> **DATA IN THIS EXERCISE**
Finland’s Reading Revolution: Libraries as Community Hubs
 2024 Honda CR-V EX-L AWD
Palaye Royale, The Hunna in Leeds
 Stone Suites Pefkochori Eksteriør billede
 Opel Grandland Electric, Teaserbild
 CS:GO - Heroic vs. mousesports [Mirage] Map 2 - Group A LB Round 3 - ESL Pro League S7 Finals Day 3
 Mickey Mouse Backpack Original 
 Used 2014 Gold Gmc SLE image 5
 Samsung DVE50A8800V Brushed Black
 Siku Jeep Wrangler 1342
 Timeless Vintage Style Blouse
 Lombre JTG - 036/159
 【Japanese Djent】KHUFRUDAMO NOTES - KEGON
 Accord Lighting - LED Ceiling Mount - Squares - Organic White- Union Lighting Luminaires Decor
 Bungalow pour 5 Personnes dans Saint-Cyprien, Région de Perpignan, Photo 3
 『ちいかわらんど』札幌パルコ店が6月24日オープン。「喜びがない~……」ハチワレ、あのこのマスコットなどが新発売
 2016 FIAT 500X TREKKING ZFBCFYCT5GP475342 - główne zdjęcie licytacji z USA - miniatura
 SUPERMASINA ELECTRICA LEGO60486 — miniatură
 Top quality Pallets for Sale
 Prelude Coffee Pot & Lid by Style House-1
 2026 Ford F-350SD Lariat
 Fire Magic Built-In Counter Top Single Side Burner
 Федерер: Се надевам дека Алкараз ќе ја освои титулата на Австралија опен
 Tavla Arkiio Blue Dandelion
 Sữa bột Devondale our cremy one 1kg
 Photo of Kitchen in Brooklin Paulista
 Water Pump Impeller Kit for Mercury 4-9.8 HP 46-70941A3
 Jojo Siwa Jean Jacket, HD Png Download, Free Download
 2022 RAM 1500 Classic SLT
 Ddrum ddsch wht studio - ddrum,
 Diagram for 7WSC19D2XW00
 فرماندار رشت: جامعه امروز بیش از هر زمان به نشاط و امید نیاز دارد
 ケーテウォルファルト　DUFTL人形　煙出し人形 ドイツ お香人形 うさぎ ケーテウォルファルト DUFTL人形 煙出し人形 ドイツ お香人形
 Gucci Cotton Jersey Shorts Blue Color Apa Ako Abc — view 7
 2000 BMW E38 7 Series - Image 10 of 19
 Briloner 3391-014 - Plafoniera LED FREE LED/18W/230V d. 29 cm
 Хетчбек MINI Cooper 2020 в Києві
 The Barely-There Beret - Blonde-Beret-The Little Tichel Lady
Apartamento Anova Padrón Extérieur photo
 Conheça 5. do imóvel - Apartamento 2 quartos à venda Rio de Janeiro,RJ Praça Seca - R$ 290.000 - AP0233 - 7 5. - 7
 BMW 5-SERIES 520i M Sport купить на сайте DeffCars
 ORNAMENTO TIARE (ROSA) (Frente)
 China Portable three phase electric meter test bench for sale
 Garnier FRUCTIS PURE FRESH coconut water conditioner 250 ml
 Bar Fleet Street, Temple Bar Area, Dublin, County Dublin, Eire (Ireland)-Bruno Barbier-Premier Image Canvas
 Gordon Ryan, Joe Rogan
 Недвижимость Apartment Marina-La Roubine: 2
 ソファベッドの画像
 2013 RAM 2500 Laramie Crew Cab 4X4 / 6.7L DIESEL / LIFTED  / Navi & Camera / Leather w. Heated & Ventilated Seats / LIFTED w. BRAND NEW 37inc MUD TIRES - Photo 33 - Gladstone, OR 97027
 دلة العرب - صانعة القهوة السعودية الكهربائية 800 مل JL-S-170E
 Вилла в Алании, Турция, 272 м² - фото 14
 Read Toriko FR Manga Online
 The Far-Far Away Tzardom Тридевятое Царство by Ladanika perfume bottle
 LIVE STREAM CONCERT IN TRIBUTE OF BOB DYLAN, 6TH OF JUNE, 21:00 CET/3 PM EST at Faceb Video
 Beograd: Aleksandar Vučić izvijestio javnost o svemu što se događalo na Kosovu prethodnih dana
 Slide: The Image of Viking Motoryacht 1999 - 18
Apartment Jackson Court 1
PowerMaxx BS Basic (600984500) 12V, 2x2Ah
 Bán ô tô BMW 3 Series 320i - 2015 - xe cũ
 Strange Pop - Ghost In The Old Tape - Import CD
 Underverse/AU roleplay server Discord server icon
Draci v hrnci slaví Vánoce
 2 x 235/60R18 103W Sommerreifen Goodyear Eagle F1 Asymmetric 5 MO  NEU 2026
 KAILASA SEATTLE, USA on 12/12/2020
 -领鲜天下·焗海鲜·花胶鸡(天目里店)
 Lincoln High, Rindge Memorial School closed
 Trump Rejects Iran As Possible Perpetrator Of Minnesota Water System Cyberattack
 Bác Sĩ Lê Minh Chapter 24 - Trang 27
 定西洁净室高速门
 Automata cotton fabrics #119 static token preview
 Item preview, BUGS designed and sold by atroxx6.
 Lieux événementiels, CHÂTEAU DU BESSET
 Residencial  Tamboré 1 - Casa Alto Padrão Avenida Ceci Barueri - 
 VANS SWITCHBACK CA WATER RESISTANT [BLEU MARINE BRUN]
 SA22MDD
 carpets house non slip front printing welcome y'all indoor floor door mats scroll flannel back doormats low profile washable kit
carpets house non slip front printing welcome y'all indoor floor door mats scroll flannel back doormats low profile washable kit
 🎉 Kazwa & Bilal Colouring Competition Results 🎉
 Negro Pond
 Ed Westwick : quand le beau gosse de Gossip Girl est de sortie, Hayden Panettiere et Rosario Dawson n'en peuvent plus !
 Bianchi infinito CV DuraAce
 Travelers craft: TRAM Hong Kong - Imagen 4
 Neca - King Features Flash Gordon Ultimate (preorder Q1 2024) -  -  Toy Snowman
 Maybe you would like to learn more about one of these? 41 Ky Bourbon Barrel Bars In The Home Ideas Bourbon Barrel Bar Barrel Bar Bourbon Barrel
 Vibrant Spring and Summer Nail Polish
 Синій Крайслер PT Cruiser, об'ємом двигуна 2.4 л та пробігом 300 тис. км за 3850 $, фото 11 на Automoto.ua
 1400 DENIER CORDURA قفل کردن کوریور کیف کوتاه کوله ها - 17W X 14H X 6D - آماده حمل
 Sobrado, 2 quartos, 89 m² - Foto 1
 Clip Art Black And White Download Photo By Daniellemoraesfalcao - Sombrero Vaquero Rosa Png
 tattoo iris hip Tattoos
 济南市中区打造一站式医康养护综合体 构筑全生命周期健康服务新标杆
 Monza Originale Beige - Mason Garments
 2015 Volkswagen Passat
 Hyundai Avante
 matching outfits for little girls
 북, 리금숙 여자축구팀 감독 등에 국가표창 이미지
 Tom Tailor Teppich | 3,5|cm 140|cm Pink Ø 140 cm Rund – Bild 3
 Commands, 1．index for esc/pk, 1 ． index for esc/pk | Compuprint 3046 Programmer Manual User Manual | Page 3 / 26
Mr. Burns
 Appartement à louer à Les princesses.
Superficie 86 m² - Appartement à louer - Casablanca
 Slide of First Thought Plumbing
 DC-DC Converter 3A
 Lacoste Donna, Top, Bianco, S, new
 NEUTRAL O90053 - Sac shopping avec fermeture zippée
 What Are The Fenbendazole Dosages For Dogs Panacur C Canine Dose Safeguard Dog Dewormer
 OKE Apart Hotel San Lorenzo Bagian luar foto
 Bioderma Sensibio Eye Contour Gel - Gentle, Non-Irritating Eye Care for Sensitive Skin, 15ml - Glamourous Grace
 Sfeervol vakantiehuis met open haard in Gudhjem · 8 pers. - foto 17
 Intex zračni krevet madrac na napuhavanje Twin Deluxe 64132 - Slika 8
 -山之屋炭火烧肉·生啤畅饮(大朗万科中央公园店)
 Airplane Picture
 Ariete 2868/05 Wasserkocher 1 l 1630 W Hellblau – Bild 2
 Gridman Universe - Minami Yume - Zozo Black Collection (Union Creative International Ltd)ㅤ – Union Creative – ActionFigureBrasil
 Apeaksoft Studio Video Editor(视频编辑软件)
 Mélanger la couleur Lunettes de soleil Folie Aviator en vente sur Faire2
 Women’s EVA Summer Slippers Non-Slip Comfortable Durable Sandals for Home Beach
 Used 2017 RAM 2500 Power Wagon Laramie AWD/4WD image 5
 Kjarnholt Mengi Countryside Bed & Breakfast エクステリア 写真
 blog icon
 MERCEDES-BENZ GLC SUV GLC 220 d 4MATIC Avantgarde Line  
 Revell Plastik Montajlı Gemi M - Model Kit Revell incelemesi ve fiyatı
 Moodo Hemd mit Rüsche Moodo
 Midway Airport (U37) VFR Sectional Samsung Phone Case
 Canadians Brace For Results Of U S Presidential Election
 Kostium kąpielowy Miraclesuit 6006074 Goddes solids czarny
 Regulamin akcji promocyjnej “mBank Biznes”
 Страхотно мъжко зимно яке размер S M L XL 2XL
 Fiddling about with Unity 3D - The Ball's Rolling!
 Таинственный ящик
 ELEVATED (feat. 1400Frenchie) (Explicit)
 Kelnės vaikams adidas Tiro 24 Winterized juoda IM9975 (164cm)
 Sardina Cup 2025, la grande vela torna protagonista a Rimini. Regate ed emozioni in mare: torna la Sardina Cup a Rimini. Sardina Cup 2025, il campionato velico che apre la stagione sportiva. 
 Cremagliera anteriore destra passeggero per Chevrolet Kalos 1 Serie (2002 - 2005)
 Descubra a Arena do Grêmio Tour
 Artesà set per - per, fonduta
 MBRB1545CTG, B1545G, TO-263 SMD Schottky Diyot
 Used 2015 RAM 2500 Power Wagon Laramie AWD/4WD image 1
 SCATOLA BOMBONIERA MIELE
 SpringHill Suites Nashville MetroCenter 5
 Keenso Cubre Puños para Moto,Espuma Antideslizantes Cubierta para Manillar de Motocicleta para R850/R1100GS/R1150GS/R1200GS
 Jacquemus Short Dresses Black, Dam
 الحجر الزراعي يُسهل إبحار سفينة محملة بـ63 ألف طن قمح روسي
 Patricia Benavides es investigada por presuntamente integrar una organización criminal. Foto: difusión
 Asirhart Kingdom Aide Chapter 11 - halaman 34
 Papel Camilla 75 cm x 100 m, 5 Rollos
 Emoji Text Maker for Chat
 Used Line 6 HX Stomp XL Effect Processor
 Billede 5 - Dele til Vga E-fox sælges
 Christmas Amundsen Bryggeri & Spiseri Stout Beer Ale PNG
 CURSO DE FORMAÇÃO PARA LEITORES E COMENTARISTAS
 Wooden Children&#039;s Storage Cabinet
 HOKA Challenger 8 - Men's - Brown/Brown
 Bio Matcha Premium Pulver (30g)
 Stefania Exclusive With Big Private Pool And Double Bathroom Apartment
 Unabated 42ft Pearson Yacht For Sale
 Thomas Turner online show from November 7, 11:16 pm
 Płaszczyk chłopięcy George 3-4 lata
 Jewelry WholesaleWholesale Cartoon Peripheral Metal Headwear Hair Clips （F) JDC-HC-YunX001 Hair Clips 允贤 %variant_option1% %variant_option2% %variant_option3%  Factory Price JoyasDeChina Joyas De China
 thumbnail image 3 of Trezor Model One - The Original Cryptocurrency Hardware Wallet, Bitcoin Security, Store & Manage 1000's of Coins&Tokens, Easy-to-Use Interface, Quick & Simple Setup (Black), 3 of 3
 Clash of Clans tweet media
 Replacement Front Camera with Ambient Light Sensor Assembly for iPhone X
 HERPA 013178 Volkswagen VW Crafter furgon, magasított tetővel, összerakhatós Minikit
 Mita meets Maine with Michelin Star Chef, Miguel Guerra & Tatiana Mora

> **WORK TO BE COMPLETED**
Check each line of the entries above, and show every one holding the word "Blue".

> **FINISHED TASK**
 Tavla Arkiio Blue Dandelion
 Gucci Cotton Jersey Shorts Blue Color Apa Ako Abc — view 7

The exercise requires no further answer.